近い将来、井上がフェザー級進出を視野に入れていることは事実だが、「ベストのパフォーマンスができないのであれば無理に上げても意味がない」と話しており、転級には慎重な考えを持っている。昨年夏にスーパーバンタム級王座を獲得した後も、「しばらくはこの階級にとどまる」と話している。

とすると、王者として2025年を迎えた場合はもう1、2戦、防衛戦をこなすことになりそうだ。それなりの知名度と実績がある相手となると元3階級制覇王者のジョンリエル・カシメロ(35歳=フィリピン)が挙げられる。

気持ちを前面に出して向かってくるファイターだけにリスキーな相手ではあるが、総合力では井上が大きく上回る。

もしも井上が2年後まで世界王者としてスーパーバンタム級にとどまっていた場合、現WBC世界バンタム級王者の中谷潤人(じゅんと/26歳=M.T)との対戦が現実味を帯びてくる可能性もある。

27戦全勝(20KO)の中谷は身長172㎝、リーチ170㎝と大柄なサウスポーの万能型。23年5月にWBO世界スーパーフライ級王座を獲得した試合は米国『リング』誌などの年間最高KO賞に選ばれ、今年2月に3階級制覇を成し遂げた後は同誌のパウンド・フォー・パウンド(全階級を通したランキング)で10位に入った。

将来的に井上との対戦が期待される、WBC世界バンタム級王座を保持する3階級制覇王者、中谷潤人(M.T)。戦績27戦全勝(20KO)
将来的に井上との対戦が期待される、WBC世界バンタム級王座を保持する3階級制覇王者、中谷潤人(M.T)。戦績27戦全勝(20KO)

気の早い海外のファンの中には「井上の進撃を止めるとしたら中谷ではないか」とみる人もいるほどだ。

井上vs中谷が実現するためには、この後、両者が3、4戦をこなしてインパクトのある勝利を重ね、かつ中谷がスーパーバンタム級に転向することが前提となる。

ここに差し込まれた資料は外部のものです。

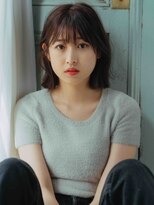 アルブ(alb.) 大人ぱっつんボブ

まだまだ「たら」「れば」をつなぎ合わせた先にある夢のカードだが、再び東京ドームを満員にする可能性のあるマッチアップといえよう。
 
今回、井上が日本人ボクサーとして初めて東京ドームのメインを務めたが、そう遠くない将来に日本人同士の世界戦でドームが満員になる日が来るかもしれない。